» **REQUIREMENT**
Return the data exactly, apart from leaving out the pictures.
===== DATA BELOW =====
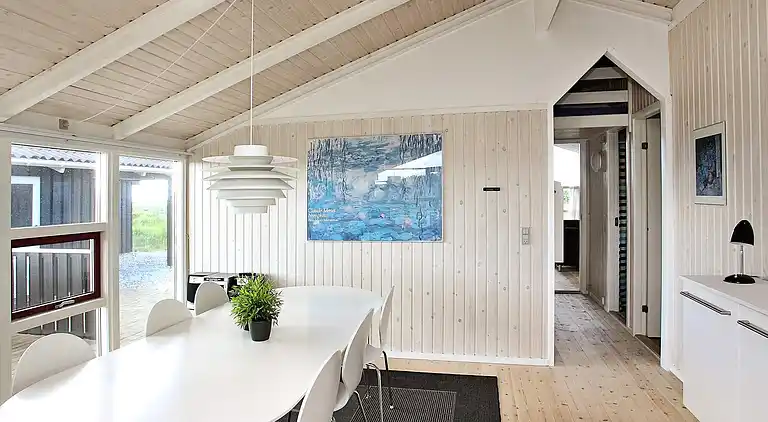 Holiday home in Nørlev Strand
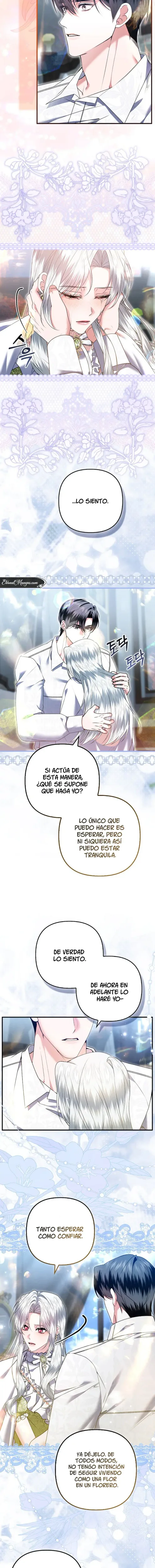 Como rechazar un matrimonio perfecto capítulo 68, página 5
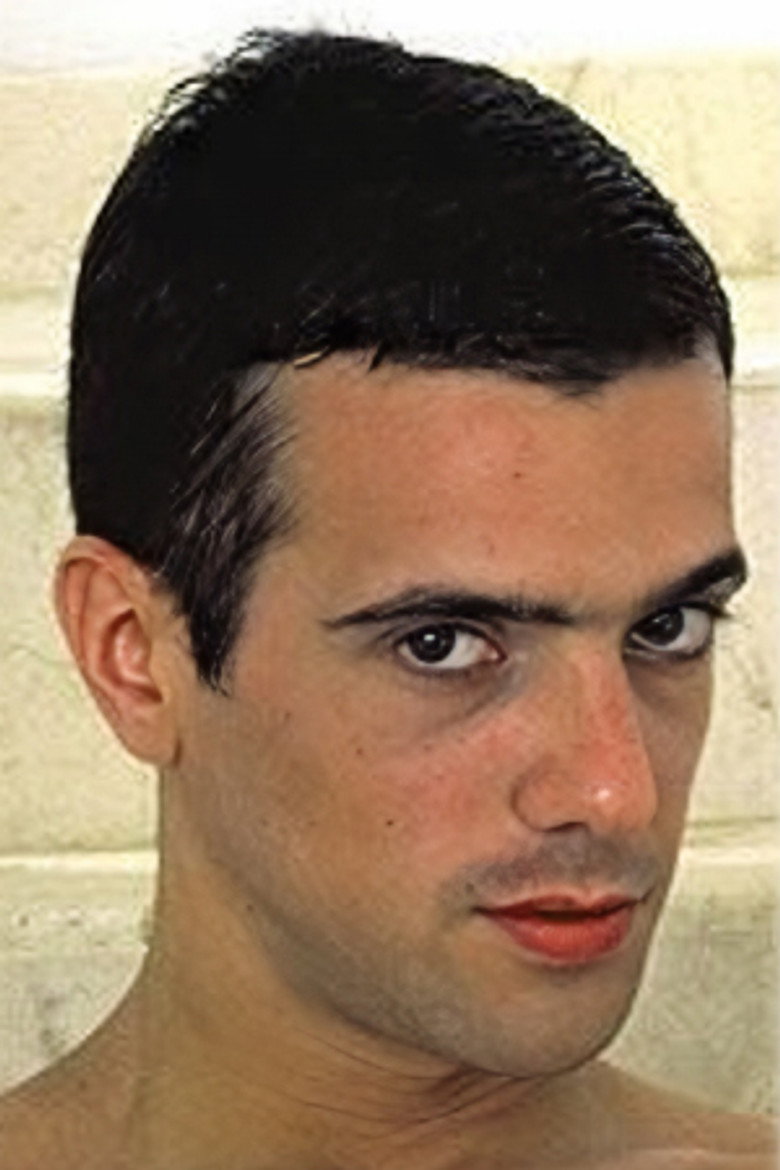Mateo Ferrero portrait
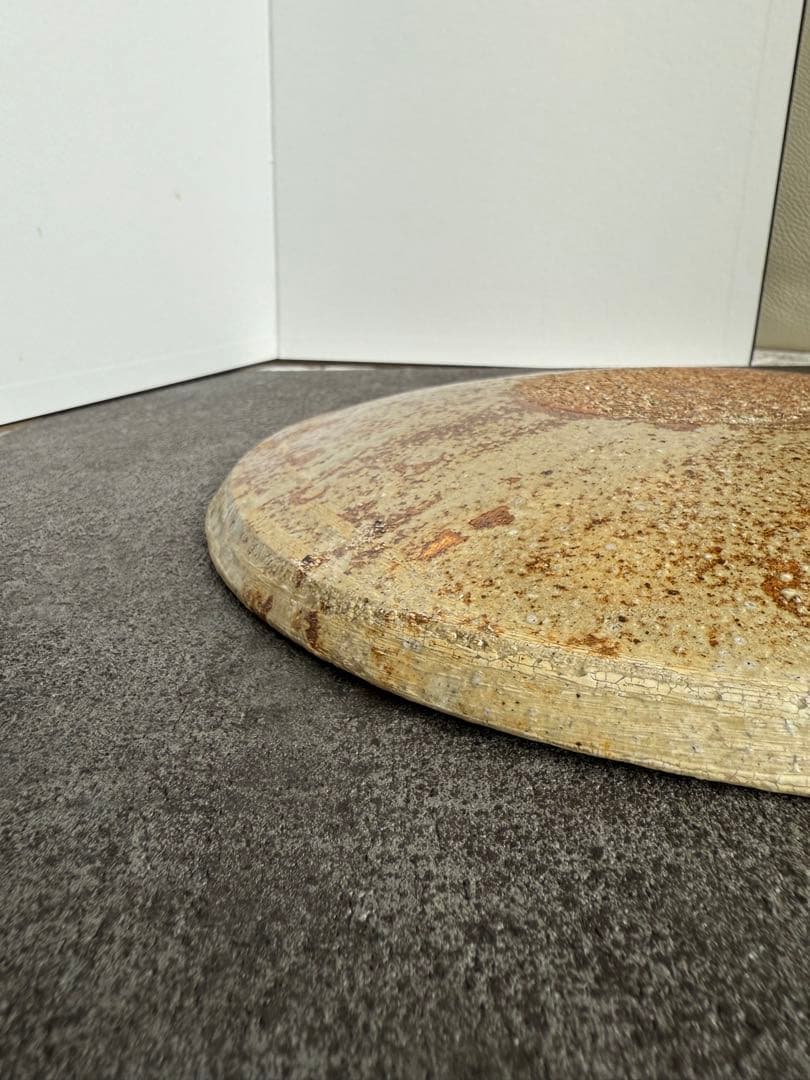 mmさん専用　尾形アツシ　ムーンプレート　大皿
=====
» **THE ANSWER**
 Holiday home in Nørlev Strand
 Como rechazar un matrimonio perfecto capítulo 68, página 5
Mateo Ferrero portrait
 mmさん専用　尾形アツシ　ムーンプレート　大皿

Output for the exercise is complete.